I have a history with this apartment building. A personal history, one that is rife with sadness, loneliness, abandonment and tears.

But first, a little background about our new home: It was built in 1906 (according to local legends, the foundation was laid by chain gang prisoners) as a schoolhouse. As you can see from the image above, it’s not a small one-room school at all. It functioned as a school until sometime in the 1960s (I’m unsure of the exact dates). Then for several decades it was a county office building. In 2016 – 2019, it was converted to luxury apartments. The Estates at 231 Main.

Echos.

We’re settling in nicely, thank you. The massive pile of packing paper, and over 100 boxes (many are filled with books), is getting smaller each day. There are amenities that we did not enjoy in our old apartment, like free bike storage and a wine cellar.

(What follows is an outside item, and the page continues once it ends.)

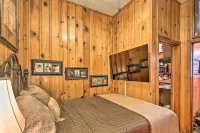 San Antonio Rental w/ Courtyard: Walk to Riverwalk - maisons de vacances
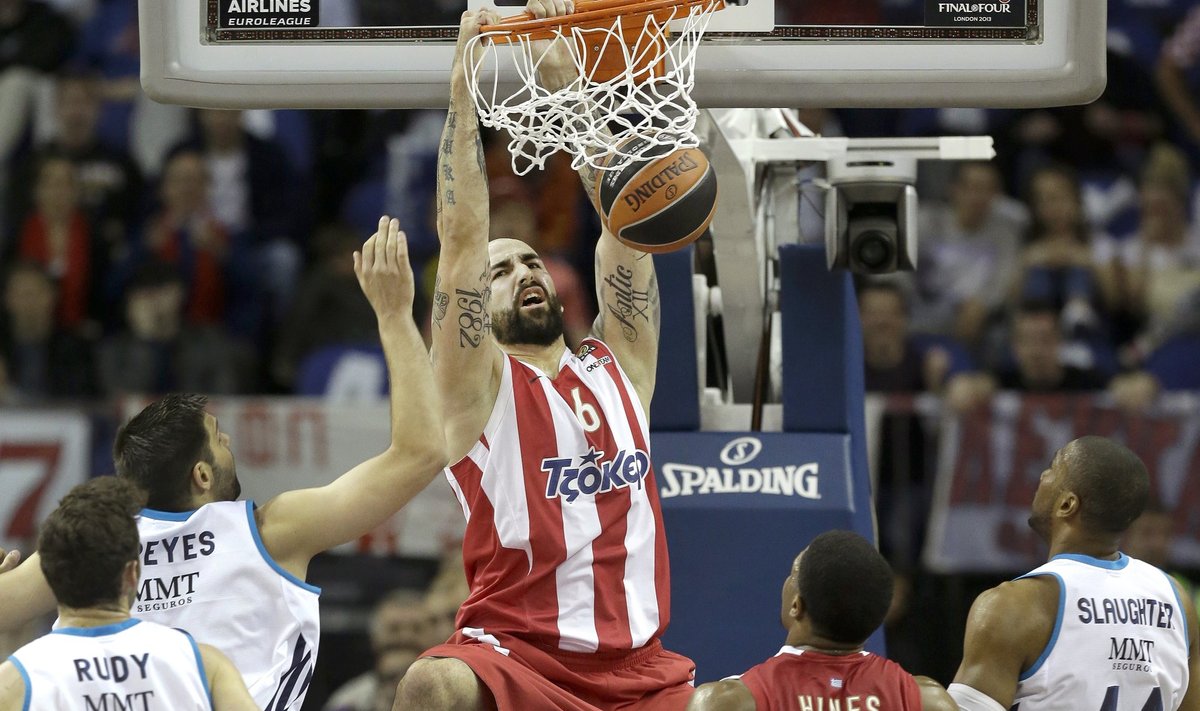 Olympiacos' Pero Antic, center, dunks the ball during the Euroleague Final-Four final basketball game against Real Madrid at the O2 Arena, in London, Sunday, May 12, 2013. (AP Photo/Lefteris Pitarakis) / SCANPIX Code: 436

The story I really want to tell you, however, has little to do with the high ceilings and large windows and empty boxes. It’s the ghosts I’m concerned with.

Owego has a large number of ghost stories associated with many of the old buildings. And, the building I’m sitting in as I write this post is no exception. Do the spirits of the chain gang prisoners still walk these halls? Is all the floorboard creaking from my own feet? What’s with that chilly draft I felt three hours ago?

These are things I will learn about, I’m sure, in the coming months and years as we make this our home.

But I am waiting to hear an echo. In the quiet space of the large living room, I stand and listen and wait to hear an echo. It may not pass easily through the industrial walls and floors, but it’s likely drifting about in the dark corners of the hallways…especially in the basement level. Three floors below where I’m sitting and typing.

[A recent photo taken by the author. The red arrow points to some shrubbery and a few trees. Look closely. See the windows just visible to the right of the door? Photo is mine.]

Those three windows, my kind readers, is where I went to Kindergarten. I would have been five years old. The year is likely 1952. I remember it all in exacting detail. My mother walked me to that door one September morning. It was chilly with mist rising from the Susquehanna. She took me to meet the teacher. I looked into the room. Could there really have been over 20 pupils, many of whom were my friends? I looked at the teachers kind face and then at my mother’s dark hair and red lipstick.

I began sobbing. I wailed, I cried, I called out to be taken back home. I wanted no part of this thing called Kindergarten. I wanted to go home.

The teacher told my mom to wait outside in the hallway. I saw her pacing back and forth through the door’s window. How could she abandon me? Clearly, she didn’t love me. I was probably too much trouble for anyone.

I cried louder. Maybe my mom would have second thoughts and take me home. I’d be good. Maybe we could try this school thing in a week or two. When I was more ready.

I made it through the first day but I don’t have any memory of how I pulled it off.

All I can say now is that my cries are still in the air, in the walls, the floorboards. They must be. Where else can they go? The molecules of air that vibrated with my screams never really stop vibrating. They just diminish. But never go away altogether.

Maybe that’s why I haven’t heard my sobs. I just have aged enough and my middle ear, having aged along with the rest of me, just can’t detect my vociferous wailing. I just have to be quieter, less distracted.

Then perhaps I’ll hear myself in this old building. It harbors spirits. Mine included.